Memakai celana karet dan menyelimuti tubuh telanjang Sesil hingga ke pundak, lalu berjalan ke ruang ganti untuk mengambil kaos polosnya. Melangkah tanpa suara keluar kamar. Menuju ruang kerjanya untuk menyendiri.

Tak mungkin ia pergi ke atap hotel dengan Dirga yang ada di rumah ini.

***

Jimi adalah kaki tangan kepercayaan Dirga. Saga sudah memastikan bahwa saat ini, kendali perusahaan dengan kursi kepemimpinan yang kosong itu berada di bawah kendali Jimi. Saga pun tak punya niat ikut campur urusan pribadi sialan Dirga. Sayangnya, Dirga membawa masalah ini masuk ke kehidupannya lewat Sesil. Yang menjadi masalah tak terhindarkan.
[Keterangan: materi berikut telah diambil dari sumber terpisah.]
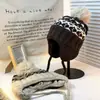 Novo chapéu de lã japonês vintage da Coreia do Sul aquecido com proteção para as orelhas, chapéu de tricô jacquard com pompom feminino para outono e inverno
Dan lagi-lagi Saga menjadi begitu kesal, ketika turun ke lantai satu dan melihat Sesil yang ia kira ada di kamar Kei untuk membantu putra mereka seperti biasanya, ternyata sudah ada di lantai satu.
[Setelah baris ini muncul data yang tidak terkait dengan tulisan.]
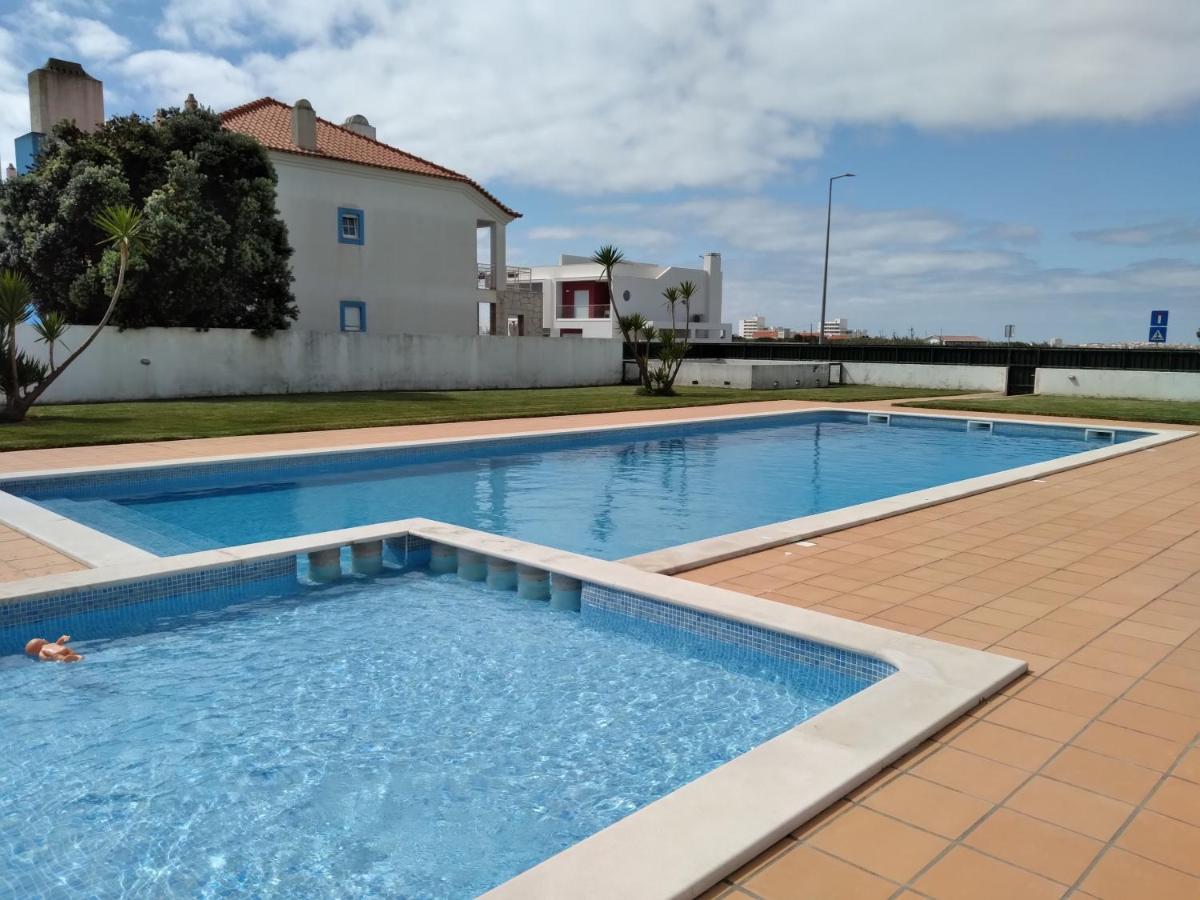 Palmeiras Apartement - T1 Com Piscina Baleal Eksteriør billede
"Apa yang kaulakukan di sini?" sergah Saga pada Sesil yang berdiri di depan pintu kamar tamu. Kecemasan di raut Sesil bertumpang tindih dengan keterkejutan wanita itu yang menyadari kedatangannya.

"Apa dokter Juan masih memeriksanya? Kenapa dia begitu lama di dalam, Saga?"

Mata Saga menyipit tak suka. Baru kemarin Sesil berjanji memenuhi semua syarat-syaratnya agar keberadaan Dirga di rumah ini tetap dirahasiakan, dan wanita itu sudah melupakannya. Bahkan setelah semalam mereka melakukan percintaan yang panas dan bergairah, wanita itu masih saja menguji kesabarannya.

"Jangan menampakkan kekhawatiranmu dengan berlebihan seperti ini, Sesil. Aku tak ingin membuat diriku salah paham terhadapmu. Kau hanya pernah mencintainya, ingat?"

Wajah Sesil memucat. Menyadari kemarahan yang ditahan oleh Saga tak pernah tidak serius. Wanita itu mendekati Saga. Menyentuh lengan Saga, berharap hal itu bisa meredakan amarah terpendam pria itu yang tampaknya kembali mengambang ke permukaan.

Saga menekan gerahamnya, menahan diri akan sentuhan Sesil yang tahu pasti akan membuatnya luluh.

Sesil mengangguk, lalu segera mengalihkan pembicaraan. "Apa kau akan pergi ke kantor?"

"Tidak. Aku hanya akan keluar ke kasino nanti malam. Itu pun tidak akan lama. Kenapa?"

Sesil menggeleng. "Aku hanya bertanya."

"Untuk memastikan kau punya cukup banyak waktu memikirkan dia?" Saga melepaskan tangan Sesil dari lengannya.

Sesil menggeleng setelah sejenak meragu.

Saga mendengus. Berjalan melewati Sesil dan wanita itu pun mengekor di belakangnya. Wanita itu benar-benar sangat menyadari pengaruh teramat besar yang sudah begitu mengakar dalam dirinya. Wanita itu berhasil meraih lengannya dan bahkan menempelkan sisi wajahnya di sana dengan pandangan ke wajahnya.

"Aku ingin makan omelet."

Saga tak menjawab.

"Mungkin aku tak akan memuntahkannya jika kau yang menyuapiku."

Saga masih bergeming. Menahan diri menampakkan keberhasilan jitu rayuan Sesil. Yang selalu tepat pada sasaran.

Oh, Sesil. Wanita itu sadar betul akan kuasa terhadap jiwa dan raganya.